L’inserimento del Paese estero della società partner nelle white list consentirebbe la deducibilità dei costi esteri, ma di fatto non è stato mai emanato alcun decreto attuativo, e per tale ragione continua ad applicarsi la previgente normativa, che va coordinata – quanto all’individuazione degli Stati e territori fiscalmente «non virtuosi» – con il D.M. 23.1.2002.

Ai sensi dell’undicesimo comma del predetto art. 110 del TUIR, il vincolo alla deducibilità dei costi non risulta applicabile se le imprese residenti in Italia forniscono la prova che le imprese estere svolgono prevalentemente un’attività commerciale effettiva, ovvero che le operazioni poste in essere rispondono ad un effettivo interesse economico e che le stesse hanno avuto concreta esecuzione.

Inoltre, le spese e gli altri componenti negativi in tal modo deducibili devono essere separatamente indicati nella dichiarazione dei redditi.

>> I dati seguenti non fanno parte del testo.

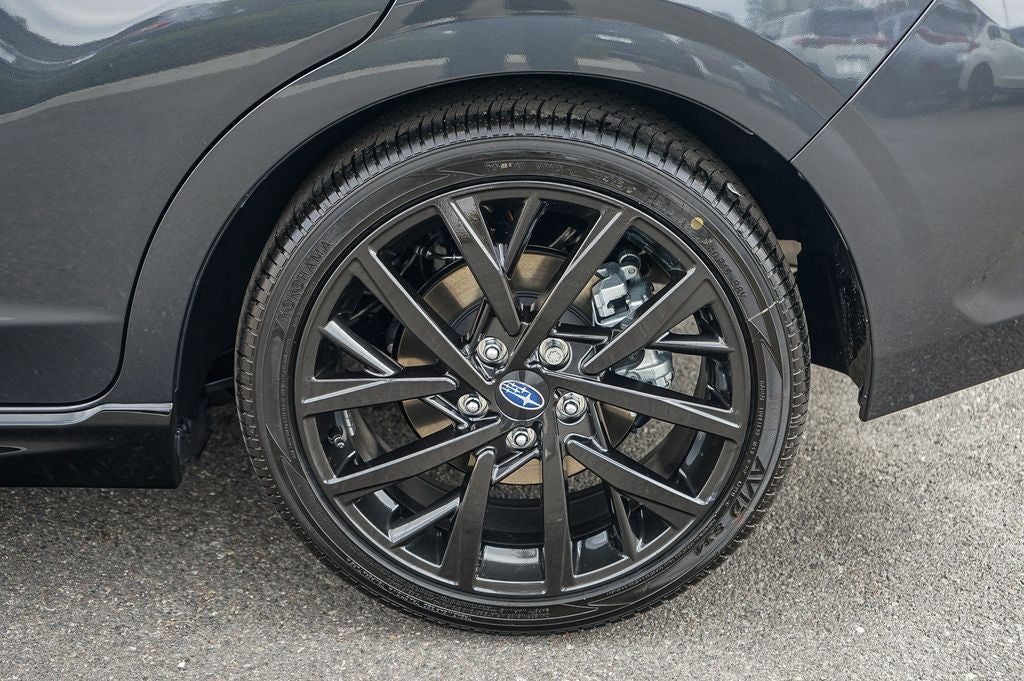 2026 Subaru IMPREZA RS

La prova richiesta può essere fornita, alternativamente:

  • in sede di controllo fiscale, dimostrando nel contraddittorio che le imprese estere non sono finalizzate alla sottrazione di risorse all’erario italiano;

  • in via preventiva, ottenendo una risposta positiva da parte dell’Agenzia delle Entrate a una specifica istanza di interpello nelle forme di cui al sopra menzionato art. 21, L. n. 413/1991 (interpello antielusivo).

Deve essere rammentato che, per espresso disposto del dodicesimo comma dell’art. 110, «le disposizioni di cui ai commi 10 e 11 non si applicano per le operazioni intercorse con soggetti non residenti cui risulti applicabile gli articoli 167 o 168, concernente disposizioni in materia di imprese estere partecipate».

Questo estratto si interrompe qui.